The 61-year-old Chase was a successful writer for network television shows including "The Rockford Files" and "Northern Exposure." But he always felt confined by the conventions of television, the expectation that everything should be laid out for the audience so they don't have to think about what they're watching.
"The Sopranos" was his way of breaking the rules. "We thought it would be one season and out," he said.
Instead, it's been one of the breakout hits in the history of television, a franchise worth fortunes.
"The Sopranos" has been the tale of a suburban New Jersey mobster beset by depression, messy family relations, and even messier relations with his crime family. The hero, if you can call him that, takes Prozac, goes to therapy, kills, steals, cheats on his wife, and when things go wrong asks, "Why me?"
At times, it's been graphically violent and always salted with profanity, sex and nudity. But more than anything, "The Sopranos" has been about character, and how it directs peoples' lives.
"That's all it is. That's all it really is," Chase said. "The stories only come out of character. Well, the stories come out of character and they come out of the business of organized crime."
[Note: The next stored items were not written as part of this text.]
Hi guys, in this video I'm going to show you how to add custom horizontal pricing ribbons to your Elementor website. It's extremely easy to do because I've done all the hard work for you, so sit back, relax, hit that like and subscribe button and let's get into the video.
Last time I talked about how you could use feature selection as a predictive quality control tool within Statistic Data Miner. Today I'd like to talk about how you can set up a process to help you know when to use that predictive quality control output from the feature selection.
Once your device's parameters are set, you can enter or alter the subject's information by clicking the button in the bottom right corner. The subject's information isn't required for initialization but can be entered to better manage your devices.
Chase describes Tony Soprano as "a big baby" who just wants his way.
"He wants what he wants," Chase said, "Whatever that may be, my bagel in the morning, to $100,000, to who gets to use the bathroom first."
Whatever Tony does follows from character, and the character of people around him.
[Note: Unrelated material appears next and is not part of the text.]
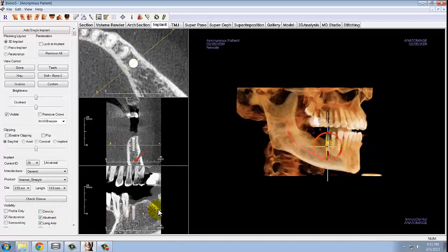This additional cross section shows you the mesial-distal relationship of that implant with the adjacent teeth. Here, you can also click and drag the implant to move it bodily, as well as click to turn on the red wheel to adjust its mesial-distal angulation as well.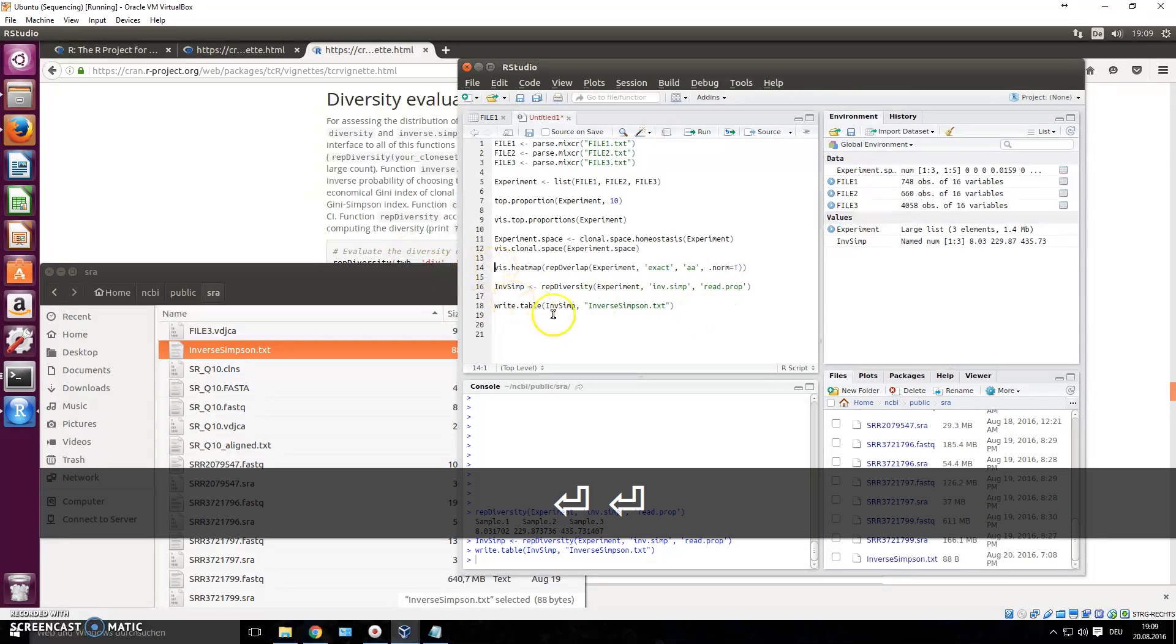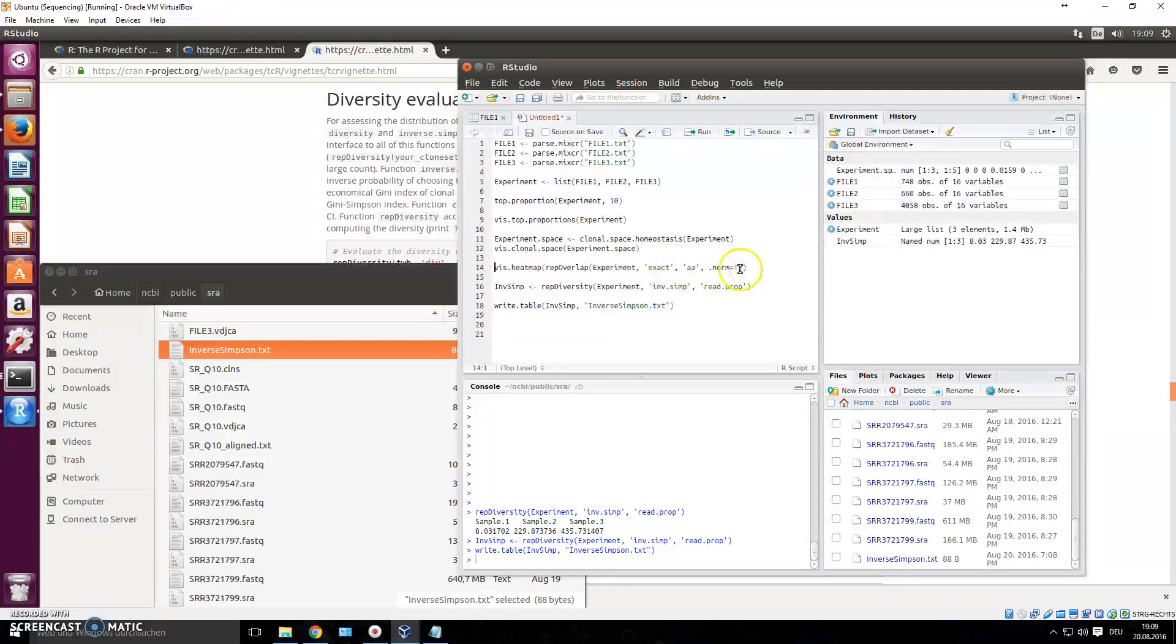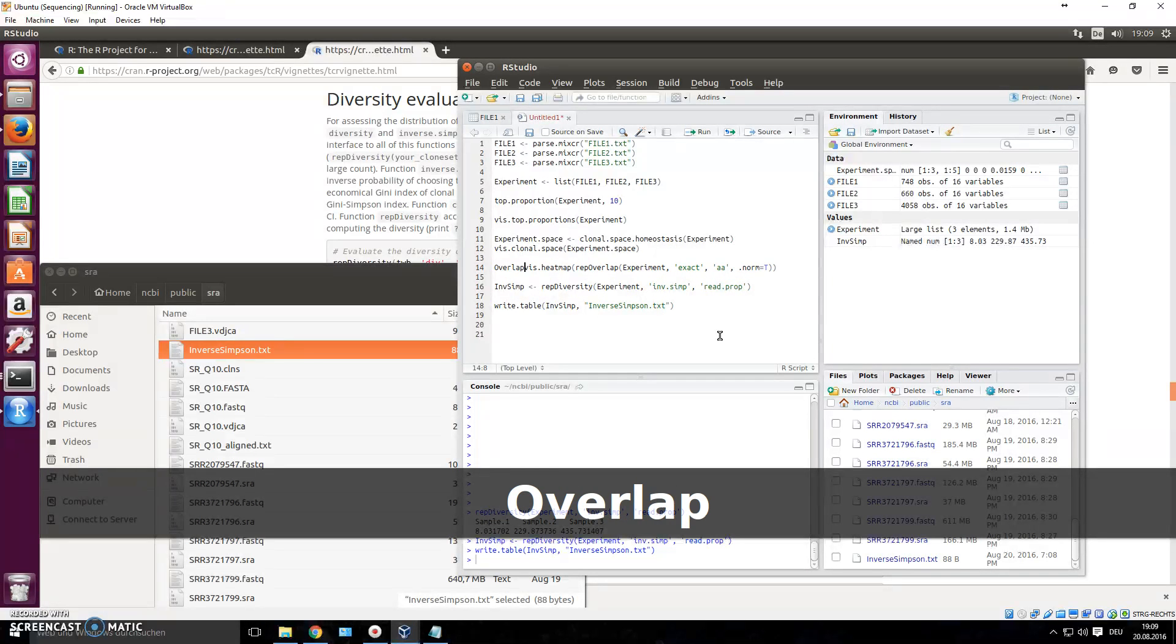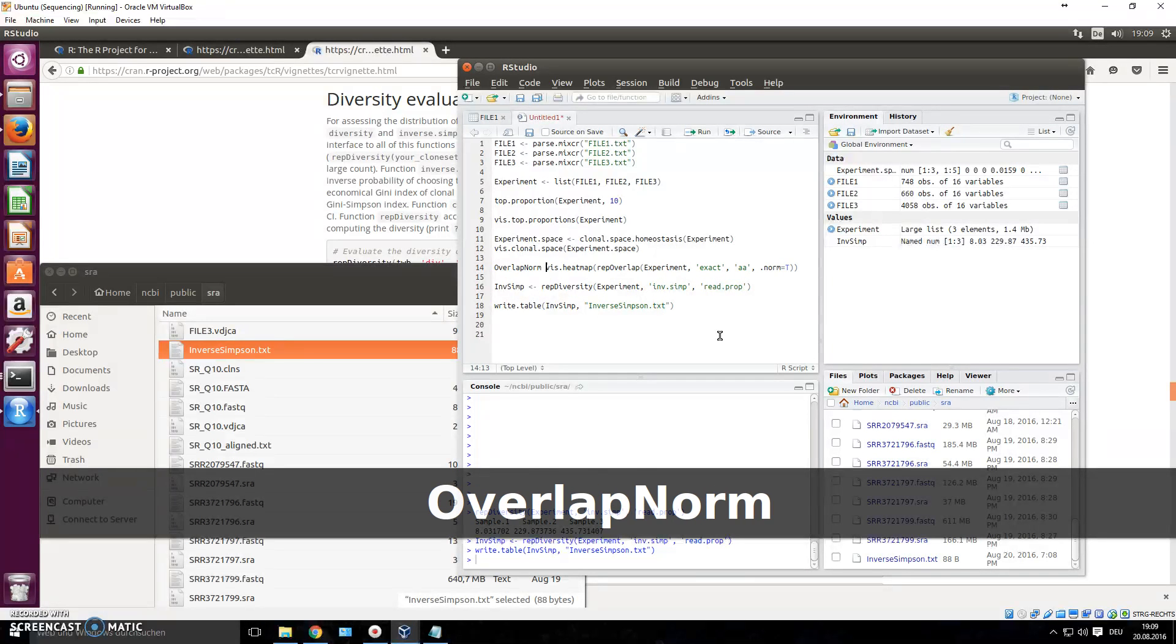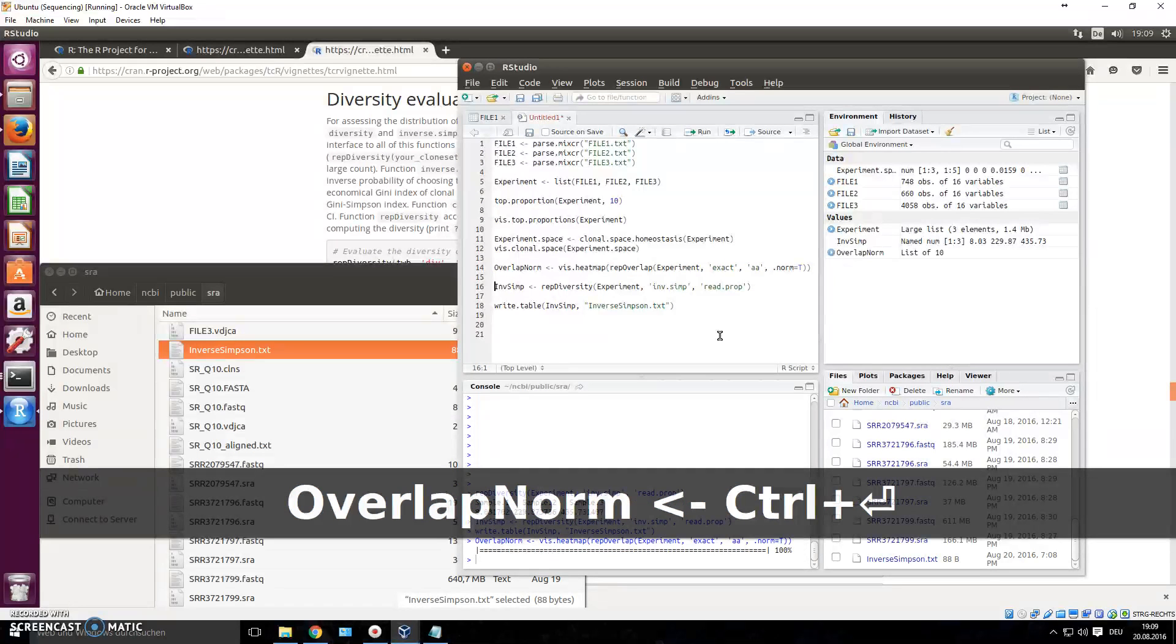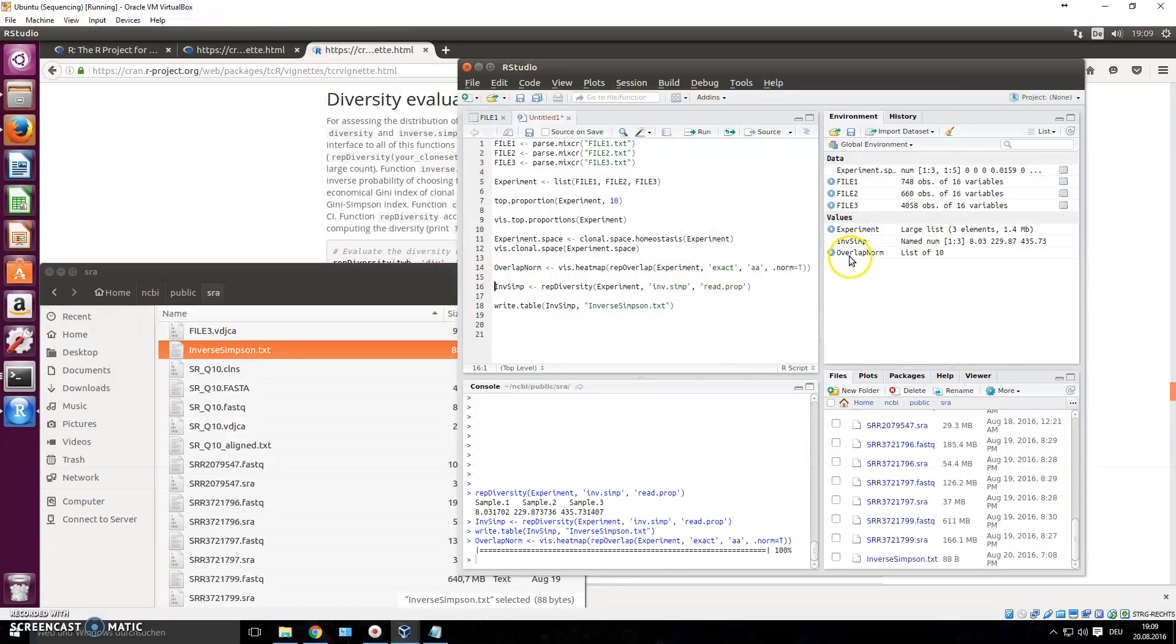So let's say we put our heat map here into a name, and we call this overlap_normalized, okay. You do the arrow CTRL enter. So now this is also saved.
Chase populated "The Sopranos" with needy, greedy, treacherous and psychopathic people. In six seasons of episodes spread over eight years, Chase has explored therapy, family relations, race, marriage, homosexuality, suicide, depression and the criminal mind.
"I've always thought of it as a comedy," he said … and he's not joking.
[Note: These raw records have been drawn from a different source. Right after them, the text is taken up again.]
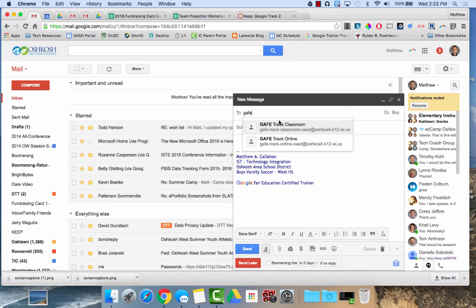So that's an overview of Google groups. If you have any questions about Google groups, don't hesitate to let us know. Thanks and have a great day.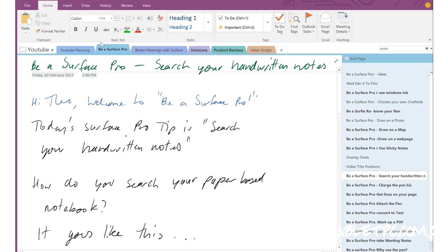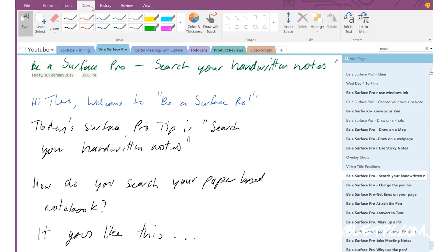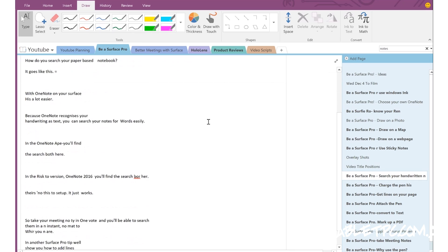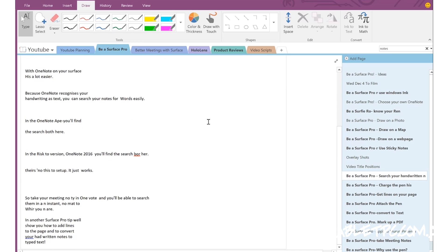To convert your notes to typed text, simply click on Draw on the top menu in OneNote and go across to the right hand side — Ink to Text. OneNote uses the inbuilt Windows 10 handwriting recognition software to take all of your notes and convert them to typed text.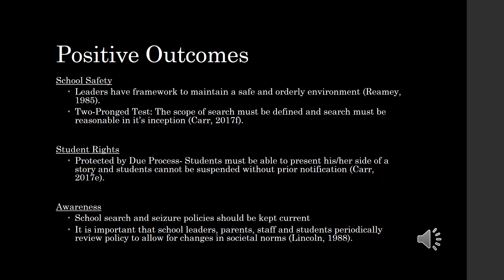Another positive aspect of these rulings is that students have the definitive right to due process and cannot be disciplined — particularly if the discipline results in the loss of educational time — without first having the opportunity to present his or her account of events. Finally, due to the ever-changing nature of society and school norms, school leaders must remain up to date on current cases and policies regarding searches and seizures.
Chase finds humor in almost everything from a mob hit to a seduction. His characters are always complaining.
"Everybody on that show bitches and complains to the other person. And no one's got it as bad as each character; everyone is the victim," Chase said. "I just found that amusing."
He added, "A fair amount of it is a personal account of what I know about life. The mother Livia was kind of based on my mother. Some of the family dynamics are based on my family."
Chase has broken the rules by allowing the plots to develop slowly. Not everything is explained, not everything resolved.
In one episode called "Pine Barrens," a Russian mobster was wounded in the head escaping through a snowy forest and the audience never find out whether he lived, or came back to get revenge.
The series has also killed a collection of characters that would be the envy of any other show. It's been unsentimental about who gets whacked, from girlfriends to close members of the Soprano crew. They've probably killed more characters than the New Jersey mob has in its history.
People "want to see betrayal and retribution and all that," Chase said. "If people aren't getting killed, if the Soprano family is the only mob family where nobody gets killed, then we should go over to the network."
Known for its sharp writing, "The Sopranos" has also done more with silence than anything previously on television. The writers have not been afraid to just let the actors look at each other.
"I think words -- words sort of kill emotion," Chase said. "Words kill art."
At times, the series has strayed into dream sequences and the supernatural. Some seasons were better than others, but looking at it from end to end it is a surprisingly tightly woven work.